Microsoft, Meta shares drop on cautious growth outlook

Concerns revolve around escalating investments in AI infrastructure which raises doubts about sustainable growth


News Desk October 31, 2024

Shares of Microsoft and Meta Platforms fell over 3% in after-hours trading following their September quarter earnings reports, which, despite surpassing market expectations, failed to reassure investors about future growth prospects.

Concerns centered on both companies' escalating investments in artificial intelligence (AI) infrastructure, which have raised doubts about their ability to sustain growth amidst rising expenses.

Microsoft reported revenue of $65.59 billion for its first fiscal quarter of 2025, a 16% increase from the previous year, with earnings per share at $3.30.

However, the company’s guidance projected a slowdown in Azure cloud growth, forecasting a year-on-year increase of 31% to 32% for the next quarter.

This came as a disappointment to investors, especially after Azure growth decelerated to 34% year-on-year, down from 35% in the prior quarter.

The company's CFO, Amy Hood, highlighted ongoing capacity constraints at data centers as a major factor impacting revenue growth.

Microsoft's capital expenditures surged 79% year-on-year to a record $20 billion, raising alarms about the sustainability of such high spending.

Analyst Josh Gilbert from Oanda Australia remains optimistic, noting that enterprise spending on cloud services is on the rise, suggesting that Microsoft is just beginning its AI expansion.

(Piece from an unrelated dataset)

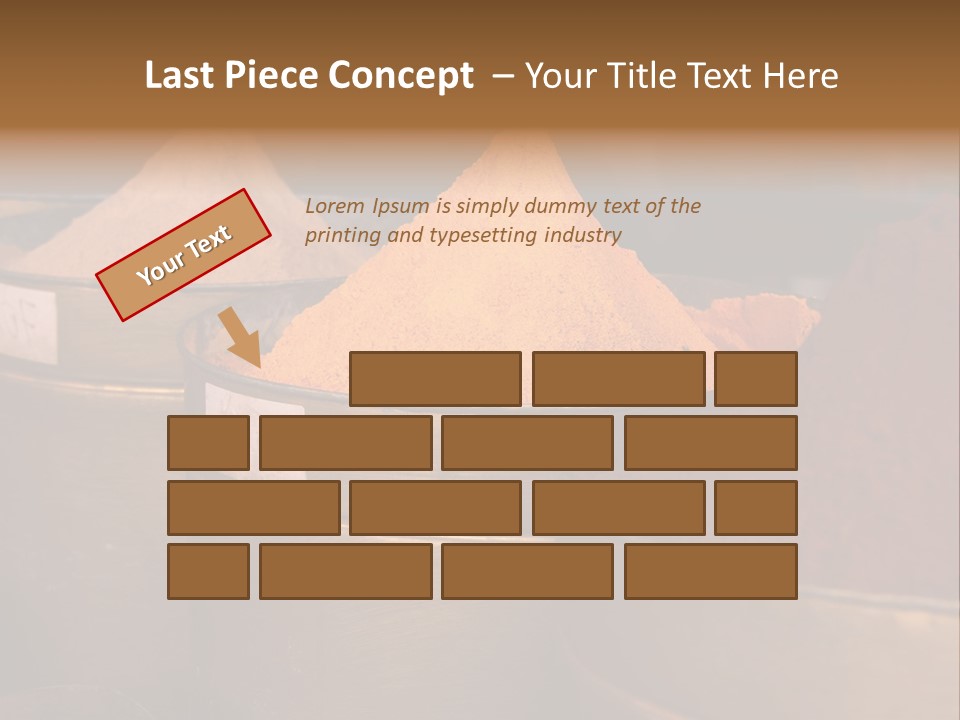 A Group Of Buckets Filled With Different Colored Spices PowerPoint Template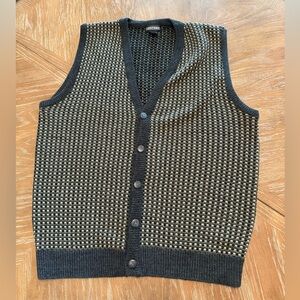 Vintage Button-Up v neck cardigan sweater Vest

In contrast, Meta reported a 37% increase in earnings per share, totaling $6.03, with revenue rising 19% to $40.59 billion.

Yet, the sharp decline in net income growth—from an average of 70% last year to 35%—indicates the toll of significant investment in AI and metaverse projects.

Meta's outlook for fourth-quarter revenue, ranging from $45 billion to $48 billion, slightly exceeded analysts' expectations but failed to alleviate concerns over its high spending.

CEO Mark Zuckerberg acknowledged the need for ongoing investments in AI infrastructure, particularly for Reality Labs and AI glasses.

He believes that these advancements could ultimately enhance the company’s core advertising revenue in the long run.

However, the market reacted skeptically, given the substantial operational losses projected for Reality Labs.

Both companies' earnings announcements followed a strong performance by Alphabet, which reported impressive growth fueled by its AI advancements.

This context heightened expectations for Microsoft and Meta, making their conservative guidance more disappointing to investors.

Overall, the market's reaction underscores a growing caution among investors regarding the hefty investments required for AI initiatives, even from industry leaders like Microsoft and Meta.

Recently, Microsoft enhanced its Copilot chatbot, which now features voice interaction and image interpretation.

Mustafa Suleyman, Microsoft AI's CEO, emphasized that Copilot is designed to be a supportive AI companion.

Microsoft, leveraging its $13 billion partnership with OpenAI, is competing with Google and Apple in the generative AI space.

Copilot's voice capabilities will initially roll out in English-speaking regions, with a vision tool currently in testing. Microsoft assures that user data will be discarded post-use to ensure safety.

Additionally, Microsoft is launching a "Think Deeper" feature for Copilot, enabling it to tackle more complex problems, alongside a personalization option based on user interaction history.

However, these updates will not be available in the EU and the UK due to stricter data regulations

Despite beating earnings expectations, the uncertainty about their ability to manage costs while sustaining growth has left investors apprehensive about the future performance of both tech giants.